Data Is a Commodity—Your Relationships Shouldn’t Be
Despite the commoditization of so much in our lives, relationships shouldn’t be categorized in such a way. People want to be recognized, and uniquely so. The prevalence of social media, especially Facebook and Twitter, has enabled us to express ourselves online like never before. Isn’t it great that people are so willing to share more personal information about themselves? They provide us with a means to learn more about them as a result. More than ever before we’re able to gain knowledge about a person, and as such obtain a better baseline of who they really are. But having their information is one thing, what we do with it is another.
Filling that gap between public (or pseudo public) information and the information we gather in person separates an acquaintance from something more meaningful. Filling that gap also distinguishes us from others, especially in contrast to our competition where the relationships are in their early stages from a professional perspective. After all, that same competition has access to the same information and therein lies your opportunity for a more meaningful and closer relationship. Toward this end, let me share three insights with you that are sure to help:
1. Knowing the data is vastly different from knowing how to use the data.
As I already pointed out, relationships will never progress solely based upon knowing information people post or share about themselves on social media sites. Whether or not someone likes to cook or whether they have traveled to a certain locale may be a starting point to a conversation, but it’s the connection two people make when exchanging information that drives toward a stronger connection. Consider how inspiring, motivating and encouraging it can be to read a great autobiography. You’ve gained information and insight the author chose to share, but do they feel connected to you as a reader?
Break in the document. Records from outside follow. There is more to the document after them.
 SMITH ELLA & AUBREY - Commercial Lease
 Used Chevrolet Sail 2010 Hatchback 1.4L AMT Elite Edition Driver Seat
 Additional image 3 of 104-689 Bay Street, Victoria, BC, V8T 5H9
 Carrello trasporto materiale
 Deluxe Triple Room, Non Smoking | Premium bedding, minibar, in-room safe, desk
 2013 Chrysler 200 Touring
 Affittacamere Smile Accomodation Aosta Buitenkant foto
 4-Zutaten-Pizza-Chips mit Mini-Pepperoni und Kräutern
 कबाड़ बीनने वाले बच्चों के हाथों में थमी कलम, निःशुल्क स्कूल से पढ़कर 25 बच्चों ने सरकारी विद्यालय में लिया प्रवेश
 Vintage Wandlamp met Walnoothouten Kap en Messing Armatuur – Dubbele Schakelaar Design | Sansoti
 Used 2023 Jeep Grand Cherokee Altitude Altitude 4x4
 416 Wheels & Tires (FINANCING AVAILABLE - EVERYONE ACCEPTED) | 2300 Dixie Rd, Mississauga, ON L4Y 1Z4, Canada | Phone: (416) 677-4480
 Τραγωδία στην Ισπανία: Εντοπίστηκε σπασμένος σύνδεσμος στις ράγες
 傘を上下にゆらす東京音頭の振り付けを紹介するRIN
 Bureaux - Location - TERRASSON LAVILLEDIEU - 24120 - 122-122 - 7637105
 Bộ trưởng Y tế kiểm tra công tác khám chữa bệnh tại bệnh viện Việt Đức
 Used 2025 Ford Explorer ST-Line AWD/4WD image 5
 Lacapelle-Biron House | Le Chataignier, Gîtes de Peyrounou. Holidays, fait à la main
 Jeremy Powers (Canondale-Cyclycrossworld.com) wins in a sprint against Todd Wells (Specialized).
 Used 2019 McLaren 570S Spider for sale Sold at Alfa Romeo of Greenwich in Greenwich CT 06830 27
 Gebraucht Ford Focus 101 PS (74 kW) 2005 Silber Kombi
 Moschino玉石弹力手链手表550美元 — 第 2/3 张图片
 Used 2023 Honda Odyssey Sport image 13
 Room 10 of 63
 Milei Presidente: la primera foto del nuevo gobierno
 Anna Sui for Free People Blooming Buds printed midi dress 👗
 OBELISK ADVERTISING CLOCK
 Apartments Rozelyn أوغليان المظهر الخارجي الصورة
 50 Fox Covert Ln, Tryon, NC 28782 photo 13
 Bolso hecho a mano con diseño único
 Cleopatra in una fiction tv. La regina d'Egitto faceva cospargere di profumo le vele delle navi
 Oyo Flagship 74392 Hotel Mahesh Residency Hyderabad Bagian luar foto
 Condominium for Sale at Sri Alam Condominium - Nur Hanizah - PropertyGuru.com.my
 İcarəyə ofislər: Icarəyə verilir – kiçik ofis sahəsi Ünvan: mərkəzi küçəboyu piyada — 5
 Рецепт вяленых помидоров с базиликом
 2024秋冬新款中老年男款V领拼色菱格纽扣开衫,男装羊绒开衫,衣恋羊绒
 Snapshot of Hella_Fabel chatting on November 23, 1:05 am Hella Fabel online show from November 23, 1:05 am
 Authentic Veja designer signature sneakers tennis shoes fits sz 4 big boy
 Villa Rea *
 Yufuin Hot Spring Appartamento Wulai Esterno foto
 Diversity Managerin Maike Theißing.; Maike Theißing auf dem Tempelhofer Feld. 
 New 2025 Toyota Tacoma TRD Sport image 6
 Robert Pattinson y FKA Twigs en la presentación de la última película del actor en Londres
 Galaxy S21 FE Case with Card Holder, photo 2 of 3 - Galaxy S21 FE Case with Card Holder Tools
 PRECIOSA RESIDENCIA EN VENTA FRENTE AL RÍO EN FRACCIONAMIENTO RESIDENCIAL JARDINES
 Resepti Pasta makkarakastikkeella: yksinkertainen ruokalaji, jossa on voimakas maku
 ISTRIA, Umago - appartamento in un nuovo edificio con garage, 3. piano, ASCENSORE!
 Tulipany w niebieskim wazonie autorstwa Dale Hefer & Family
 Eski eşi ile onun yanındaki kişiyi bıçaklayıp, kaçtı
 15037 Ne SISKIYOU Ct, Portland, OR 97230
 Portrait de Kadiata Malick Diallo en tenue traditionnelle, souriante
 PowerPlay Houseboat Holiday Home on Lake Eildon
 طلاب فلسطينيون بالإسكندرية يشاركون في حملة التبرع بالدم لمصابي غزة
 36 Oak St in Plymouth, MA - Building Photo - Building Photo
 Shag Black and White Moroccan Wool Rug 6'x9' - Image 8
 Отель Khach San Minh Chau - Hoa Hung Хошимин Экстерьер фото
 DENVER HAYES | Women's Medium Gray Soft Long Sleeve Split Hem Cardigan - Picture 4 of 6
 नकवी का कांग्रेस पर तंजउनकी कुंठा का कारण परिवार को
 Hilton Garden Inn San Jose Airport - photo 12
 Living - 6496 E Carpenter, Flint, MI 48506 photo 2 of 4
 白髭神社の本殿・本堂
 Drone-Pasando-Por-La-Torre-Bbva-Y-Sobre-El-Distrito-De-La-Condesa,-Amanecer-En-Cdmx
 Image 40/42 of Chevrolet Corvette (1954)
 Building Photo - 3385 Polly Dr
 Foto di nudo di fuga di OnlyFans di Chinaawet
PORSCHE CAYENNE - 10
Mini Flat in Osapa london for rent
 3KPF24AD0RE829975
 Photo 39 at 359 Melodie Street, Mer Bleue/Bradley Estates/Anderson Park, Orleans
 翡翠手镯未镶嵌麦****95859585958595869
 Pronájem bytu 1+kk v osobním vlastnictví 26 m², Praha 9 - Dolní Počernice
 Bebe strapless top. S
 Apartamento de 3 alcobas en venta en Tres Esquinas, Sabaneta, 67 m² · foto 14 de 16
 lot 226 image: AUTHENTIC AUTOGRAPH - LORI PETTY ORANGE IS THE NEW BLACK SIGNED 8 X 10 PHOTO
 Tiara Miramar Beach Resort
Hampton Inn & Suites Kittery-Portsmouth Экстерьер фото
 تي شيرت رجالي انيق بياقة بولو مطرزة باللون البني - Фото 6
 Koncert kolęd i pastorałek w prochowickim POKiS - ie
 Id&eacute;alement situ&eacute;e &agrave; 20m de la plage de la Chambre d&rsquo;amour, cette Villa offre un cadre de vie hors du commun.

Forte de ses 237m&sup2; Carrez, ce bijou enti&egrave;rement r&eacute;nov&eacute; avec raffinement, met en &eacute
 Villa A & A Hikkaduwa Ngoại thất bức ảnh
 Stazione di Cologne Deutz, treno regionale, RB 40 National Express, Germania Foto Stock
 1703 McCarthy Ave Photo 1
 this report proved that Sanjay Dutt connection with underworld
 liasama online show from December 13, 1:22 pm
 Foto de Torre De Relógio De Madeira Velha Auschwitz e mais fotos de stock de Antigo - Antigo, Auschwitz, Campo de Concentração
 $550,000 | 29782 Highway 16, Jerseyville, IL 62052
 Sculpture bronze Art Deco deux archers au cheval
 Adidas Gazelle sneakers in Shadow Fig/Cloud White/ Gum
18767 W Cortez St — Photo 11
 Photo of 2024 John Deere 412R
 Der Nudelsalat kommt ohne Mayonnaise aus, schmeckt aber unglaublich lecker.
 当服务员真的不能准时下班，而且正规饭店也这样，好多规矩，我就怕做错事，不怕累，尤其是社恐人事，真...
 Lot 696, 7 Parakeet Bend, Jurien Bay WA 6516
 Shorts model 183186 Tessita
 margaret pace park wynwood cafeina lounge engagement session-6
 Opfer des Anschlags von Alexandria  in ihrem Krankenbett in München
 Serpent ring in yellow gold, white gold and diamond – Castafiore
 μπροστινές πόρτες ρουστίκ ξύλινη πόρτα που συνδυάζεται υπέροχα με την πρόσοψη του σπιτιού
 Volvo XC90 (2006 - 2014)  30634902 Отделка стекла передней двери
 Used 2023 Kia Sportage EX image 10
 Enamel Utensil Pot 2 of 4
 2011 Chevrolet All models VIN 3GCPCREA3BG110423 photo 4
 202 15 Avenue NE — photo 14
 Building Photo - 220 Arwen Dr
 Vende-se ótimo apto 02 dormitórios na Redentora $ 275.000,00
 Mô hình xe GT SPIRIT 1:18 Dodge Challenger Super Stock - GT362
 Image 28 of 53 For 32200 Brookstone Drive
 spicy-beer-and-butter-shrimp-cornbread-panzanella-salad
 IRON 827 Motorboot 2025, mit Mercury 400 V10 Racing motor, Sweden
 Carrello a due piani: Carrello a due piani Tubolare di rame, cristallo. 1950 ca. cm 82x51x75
Most certainly not. Even when a conversation is dominated by one person sharing information with the other, when done in-person, both parties are more in tune with what is being shared and how it is being received.
2. The data is most beneficial when it’s used to create a unique connection.
Perceive the user-provided data as a starting point, not an end point. Fundamentally, what people share expresses their interests and passions. To form a mutual connection, there must be more than knowledge of their interest. Asking someone to elaborate on an experience or interest can be a great ice-breaker to a new acquaintance, but when you have something to add or share to the exchange, it is no longer only about them. It becomes a mutually beneficial exchange.
3. Use the data you have as a springboard, not a hammock.
Having an interest in others such that you investigated their posts has to go beyond that initial “share” in order to form a lasting connection. How? It’s simple! Get them to talk about themselves pertinent to something you already know about them. For example, it’s one thing to know that someone likes international traveling. You may like it too, even if you’ve yet to experience it. Regardless, express your interest in their interest and ask them where they’ve been, what they enjoyed about it, if they would recommend going there, and if so, what to see and do. It helps them “open up,” and more precisely it causes them to warm up to you. When people open up to others, the path to greater relationship value exists.
Use technology and the streams of information about people as a springboard, not a hammock. Don’t be lazy in your effort to really get to know others. Take the initiative to you share more than a mutual interest. Consider what you have to offer, either personally or professionally. Your sphere of resources and influence, in other words your “network,” can set you apart from all the others vying for attention.
Social media is mostly public media. Even the data you collect personally is still only data until you use it in a meaningful way. To do so, be genuine: Genuinely interested in what you can provide to others. Genuinely concerned that the relationship is mutually beneficial. Genuinely true to who you are as well. Data may be a commodity, but a person shouldn’t be.